国交省、持続的な経済成長の実現などに向け税制要望

 国土交通省は8月24日、(1)持続的な経済成長の実現、(2)豊かな暮らしの実現と個性をいかした地域づくり、(3)災害に強く安全で安心な社会の実現、の3本柱からなる2024年度税制改正要望を公表した。主な要望をみると、不動産市場の活性化として、土地に係る特例措置である固定資産税の負担調整措置や、市町村等が一定の税負担の引下げを可能とする条例減額制度の適用期限を3年間延長するよう求めている。

 その理由として同省は、足元の経済がコロナ禍前の水準まで回復しておらず、物価上昇の影響等も懸念され、経済回復の歩みを着実なものにすることが重要となっていること、また2024年度は固定資産税「評価替え」により引き続き税負担は増加することから、仮に負担調整措置等が縮小・廃止となれば、都市部の商店主や製造業をはじめ、広く国民の負担が大幅に増加し、経済回復に大きく影響するため、としている。

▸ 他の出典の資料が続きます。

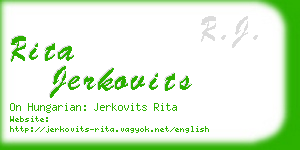 rita jerkovits business card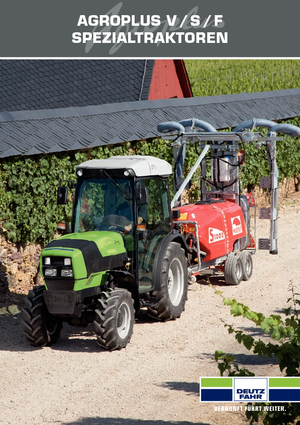 Tracteurs 4WD DEUTZ-FAHR Agroplus F 320 GS DT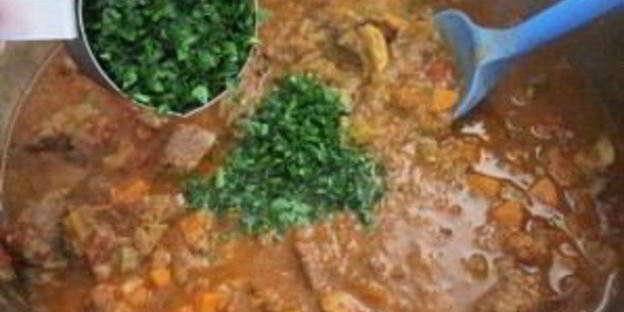 мясное рагу с овощами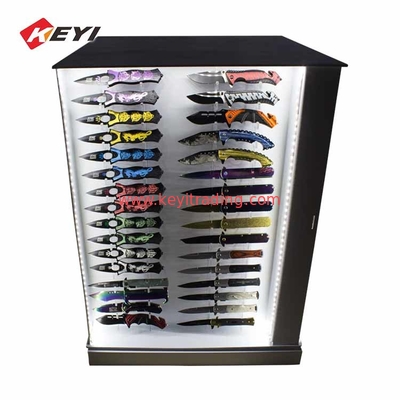 Custom Illuminating Wooden Knife Display Cases
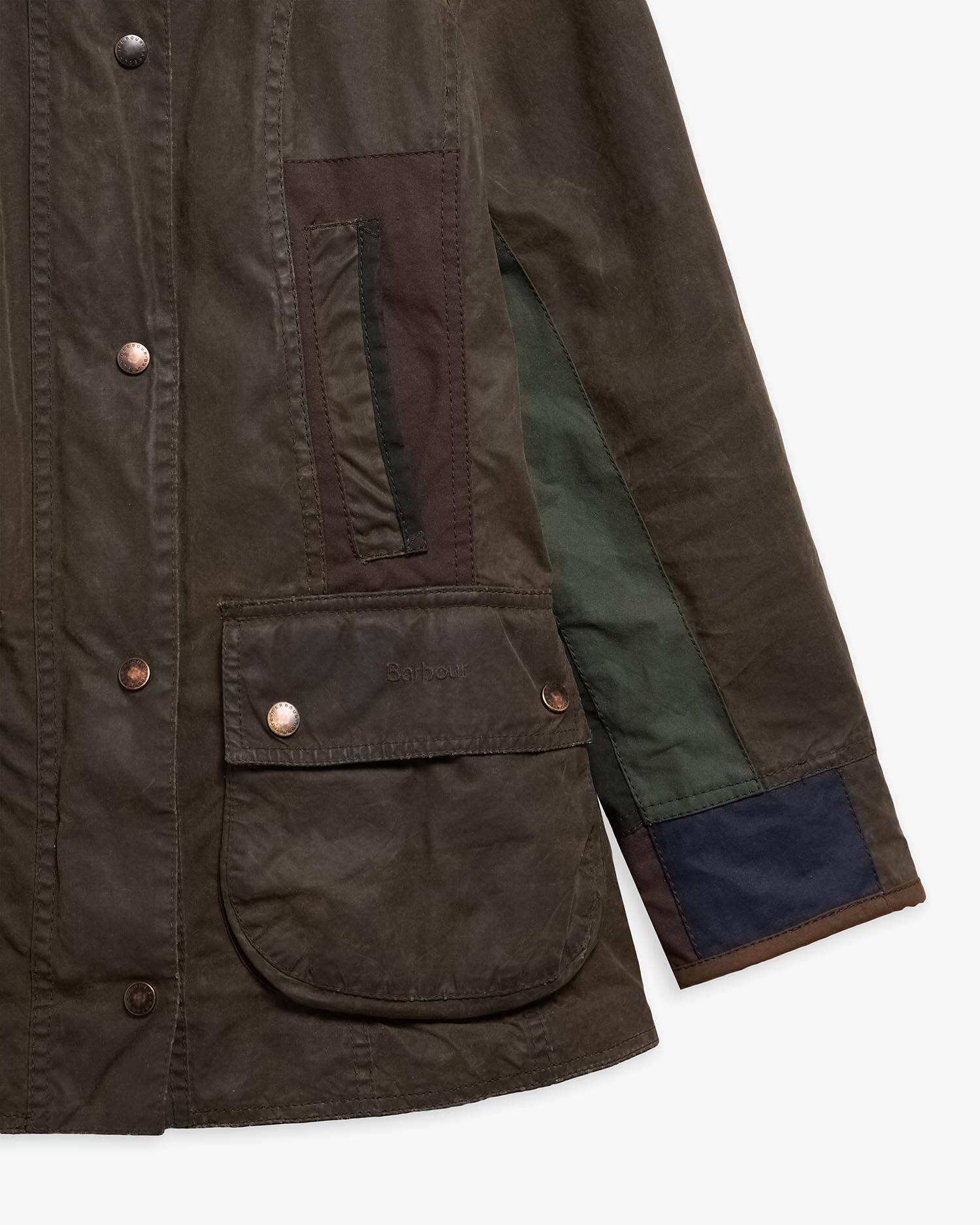 Barbour Re-loved Women's Beadnell Waxed Jacket - Size 8 Olive image number 2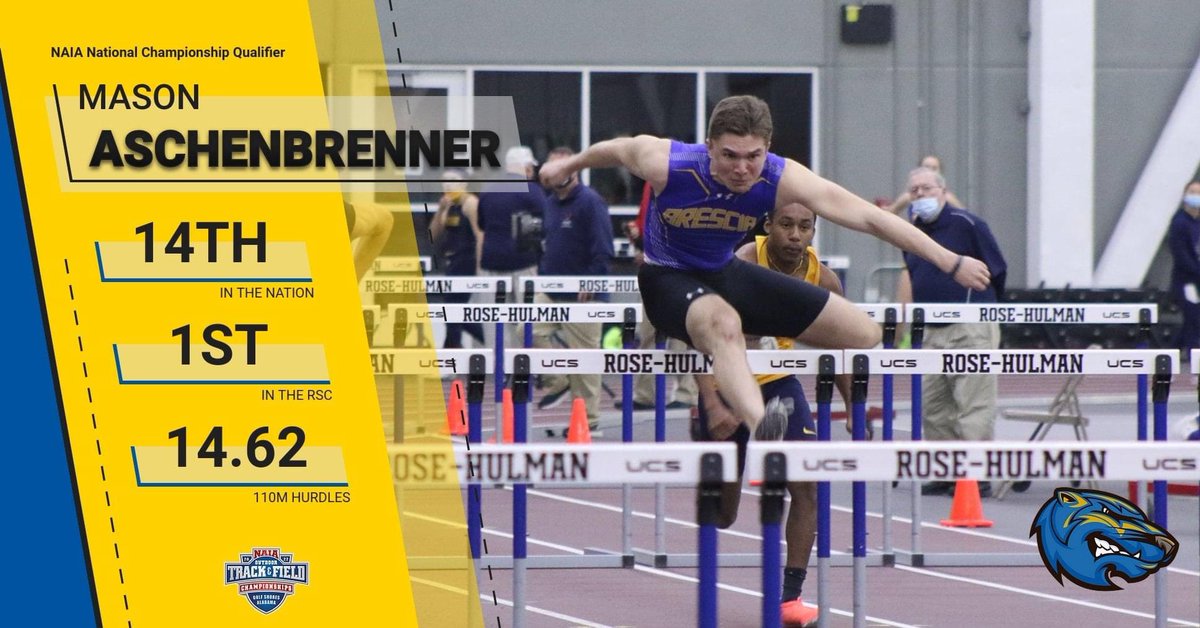 After two outdoor meets, we now have three athletes who have qualified for the 2022 NAIA Outdoor Track &amp; Field National Championship!

- Jordyn Cardwell (Triple Jump)

- Breanna Alderton (5,000m run)

- Mason Aschenbrenner (110m hurdles)

Congrats, Bearcats!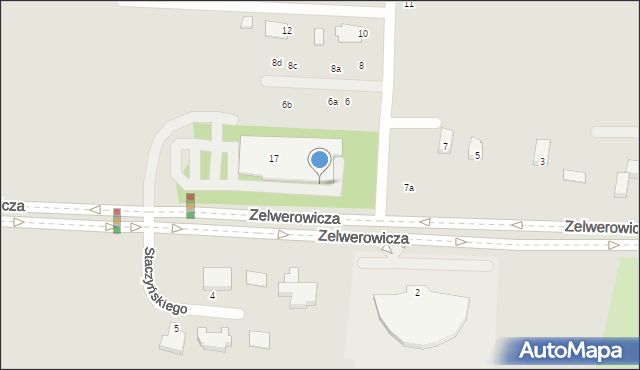 Lublin, Zelwerowicza Aleksandra, 11, mapa Lublina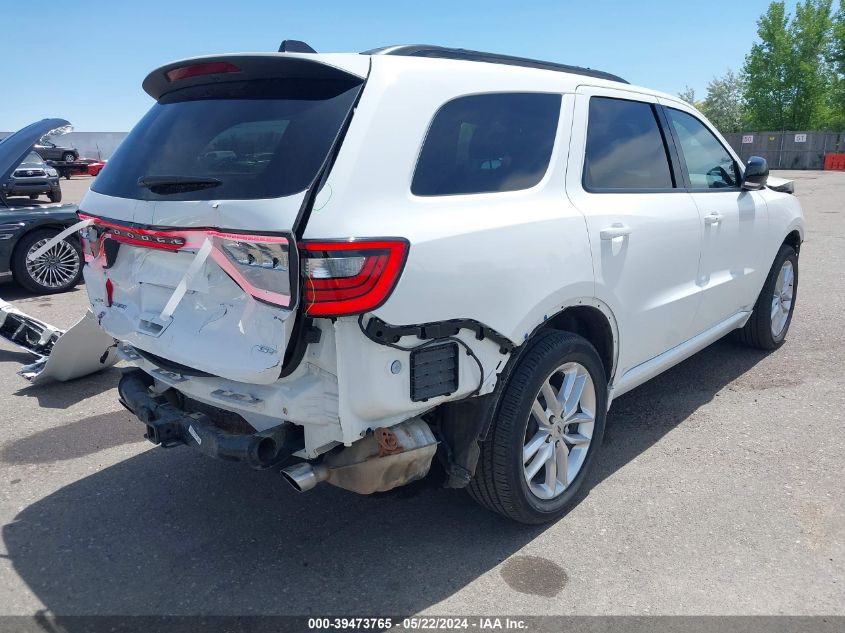 2023 Dodge Durango Gt Plus Awd VIN: 1C4RDJDG9PC688064 Lot: 39473765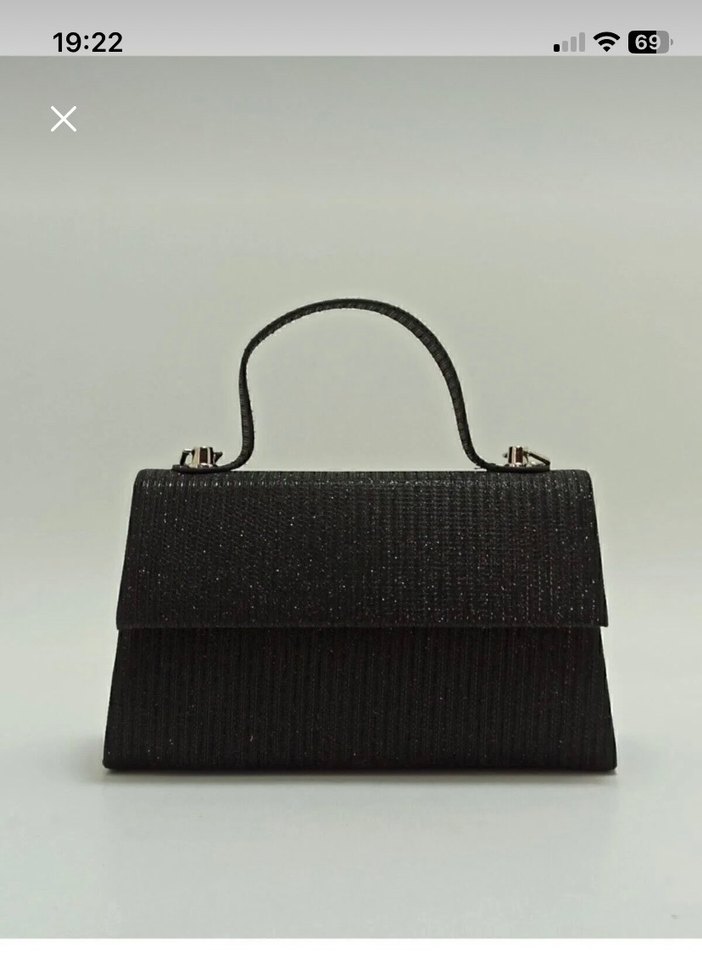 Simli siyah abiye çanta - Görsel 3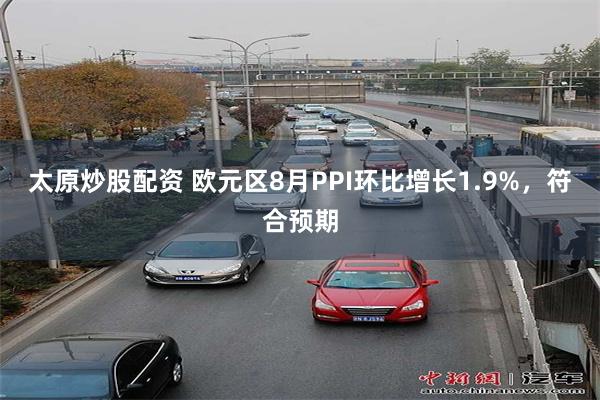 太原炒股配资 欧元区8月PPI环比增长1.9%，符合预期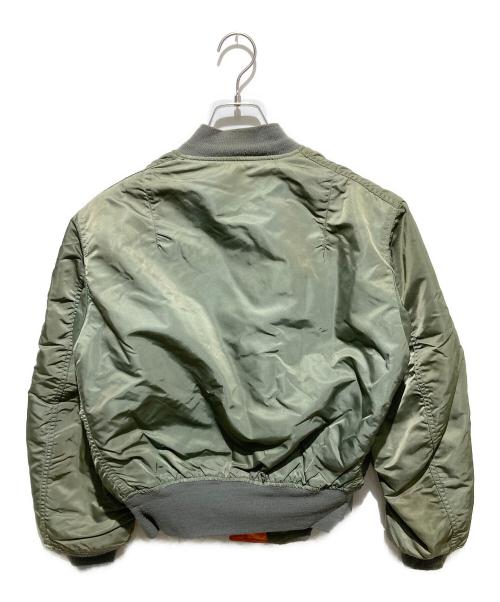 ALPHA（アルファ）ALPHA (アルファ) USA製 90～00s MA-1ジャケット グリーン×オレンジ サイズ:Mの古着・服飾アイテム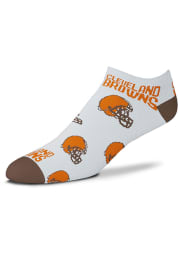 Cleveland Browns Allover Womens No Show Socks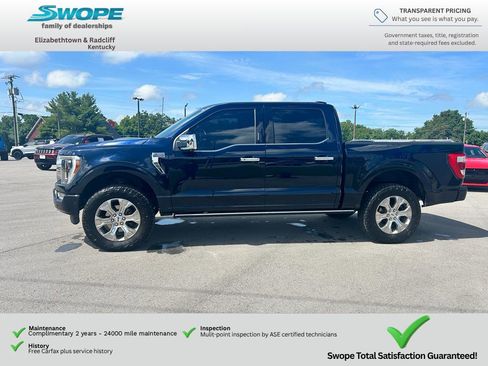 Used 2023 Ford F150 Platinum w/ Equipment Group 701A High AWD/4WD image 3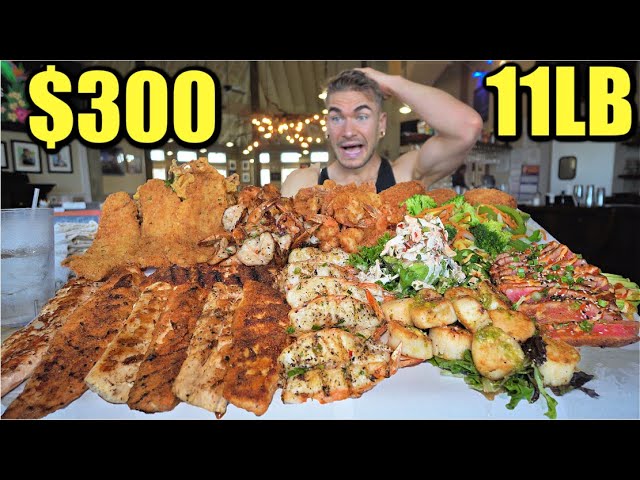 "EVERYONE FAILS" UNBEATABLE SEAFOOD CHALLENGE (BIGGEST SEAFOOD CHALLENGE EVER) | Crab, Shrimp, Tuna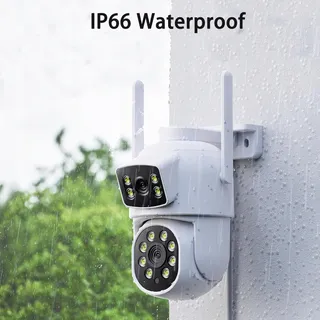 CAMPAMP Draadloos Camerasysteem Buiten Dual WiFi 24/7 Opname — miniatuur 9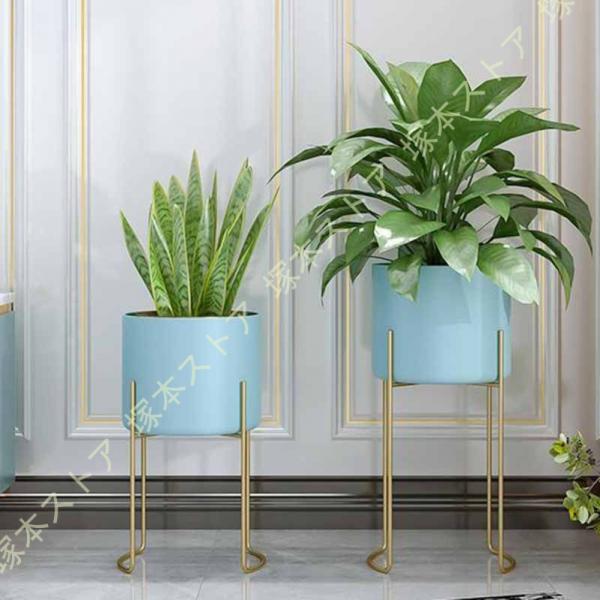プランター スタンド プランターラック おしゃれ ガーデンラック 室内 観葉植物台 錆びにくい 植物...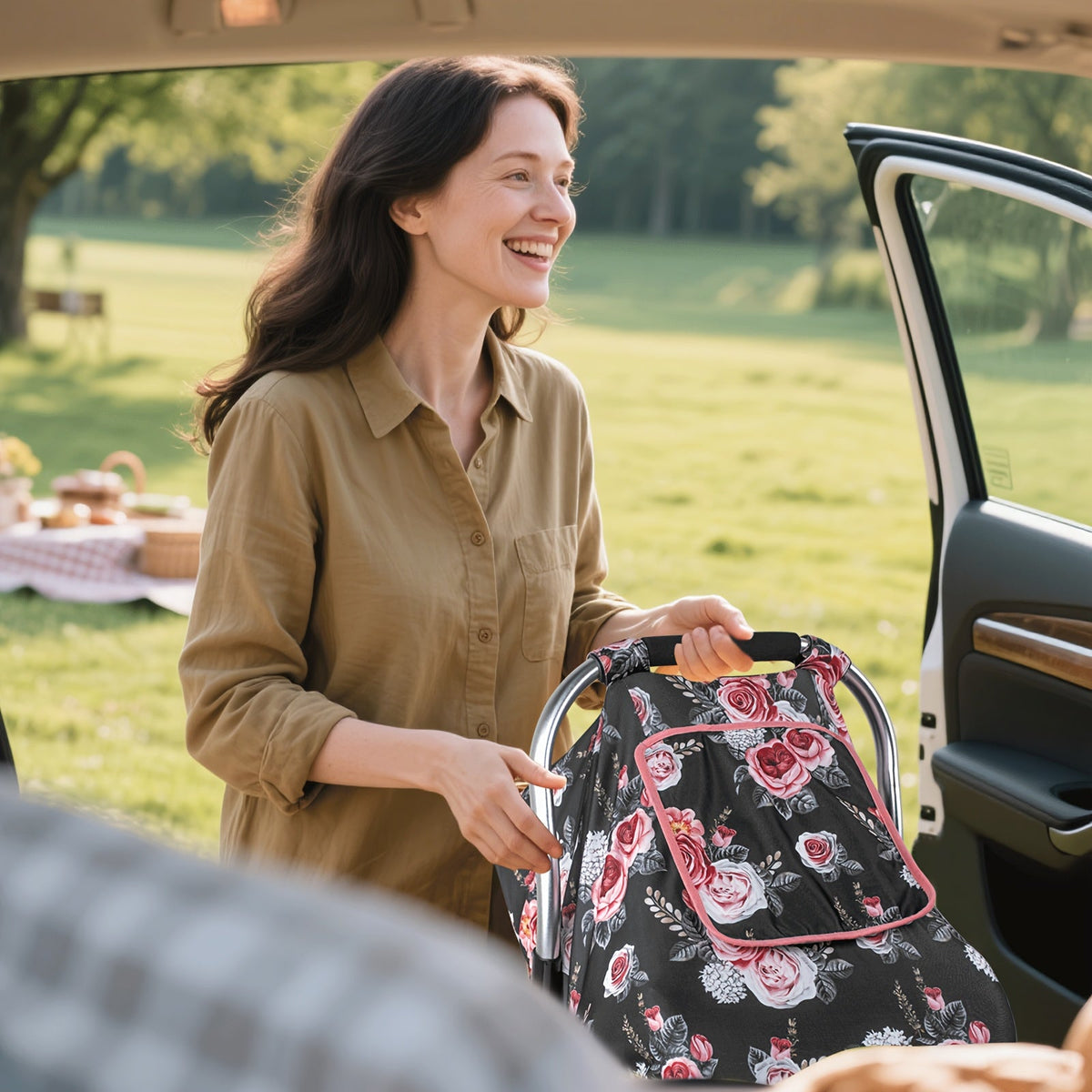 Baby Car Seat Cover - Breathable Travel Soft Primlect – view 5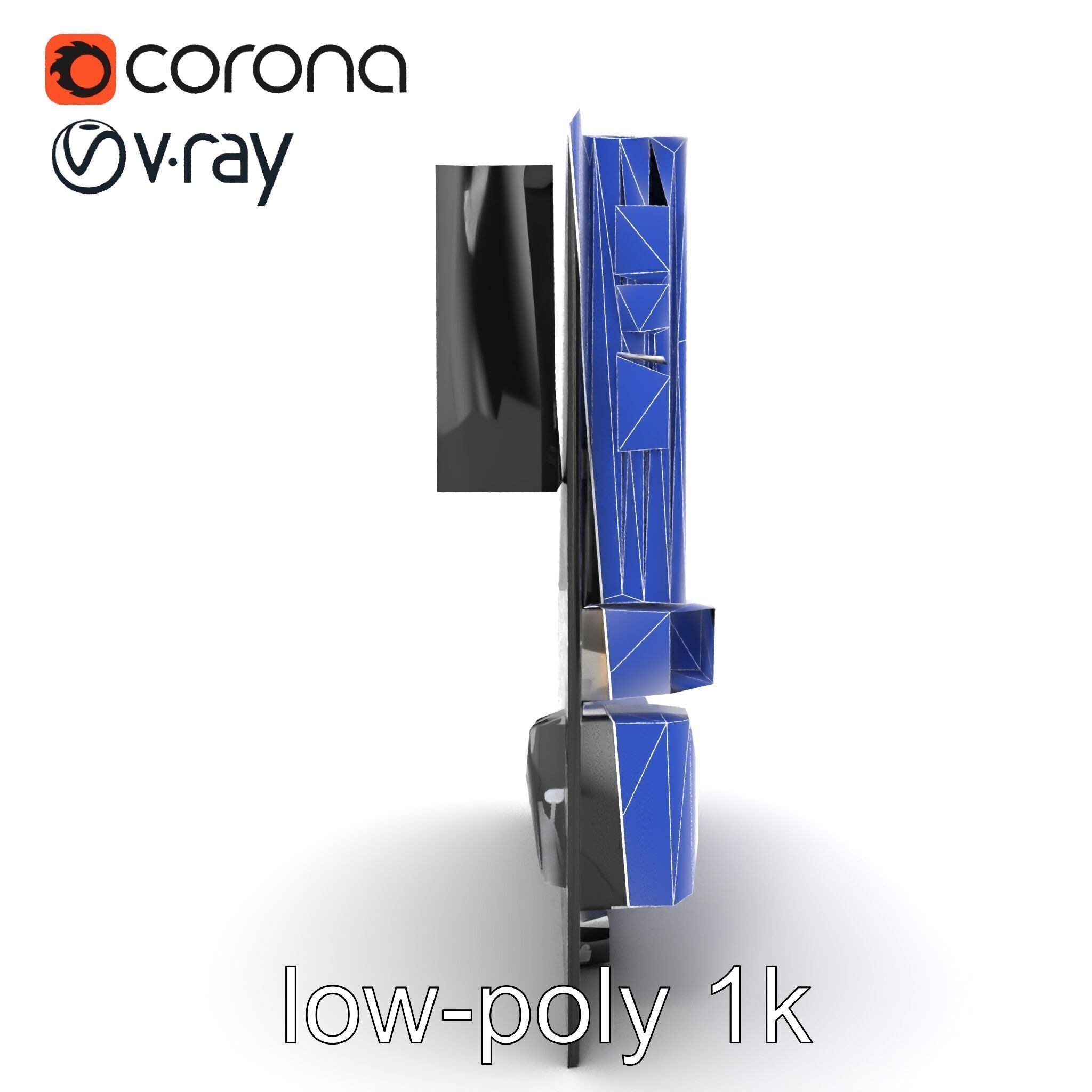 Compact HTPC Motherboard Model Pack with Black Silver Design Low-poly 3D model_24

 住宅関連では、国民一人ひとりが、ライフステージに応じた住宅を無理のない負担で円滑に取得できる住宅市場の実現のため、居住用財産の買換え等に係る特例措置を2025年12月末まで延長することを求めている。また、既存住宅の耐震・バリアフリー・省エネ・三世代同居・長期優良住宅化リフォームに係る特例措置を2年間延長するとともに、子育てに対応した住宅へのリフォームに係る所得税の特例措置の新設などを盛り込んだ。

 今回の要望では制度創設は少ないが、その1つに「まちづくりGXの推進に向けた都市緑地保全の更なる推進のための特例措置の創設」がある。国際的、国家的に気候変動への対応や生物多様性の確保、Well-beingの向上等の取組み(まちづくりGX)が求められるなか、都市において緑地保全の重要性が高まっており、開発可能性の高い都市部で緑地保全を図るには、強力な行為制限を課す「特別緑地保全地区」等の適切な確保・拡大が必要となる。

 しかし、地方公共団体等においては、財政や体制上の制約等により、必要な土地の買入れの遅れや管理不全による緑地の荒廃等の課題が顕在化している。そこで、特別緑地保全地区等の土地の買入れ等を全国一元的に担う国交相が指定する公益団体による事業の円滑実施のため、国指定法人に対して緑地の所有者が土地を譲渡した場合、その土地の譲渡所得から2000万円を控除できる特例措置を時限的ではなく恒久的な措置とするよう要望している。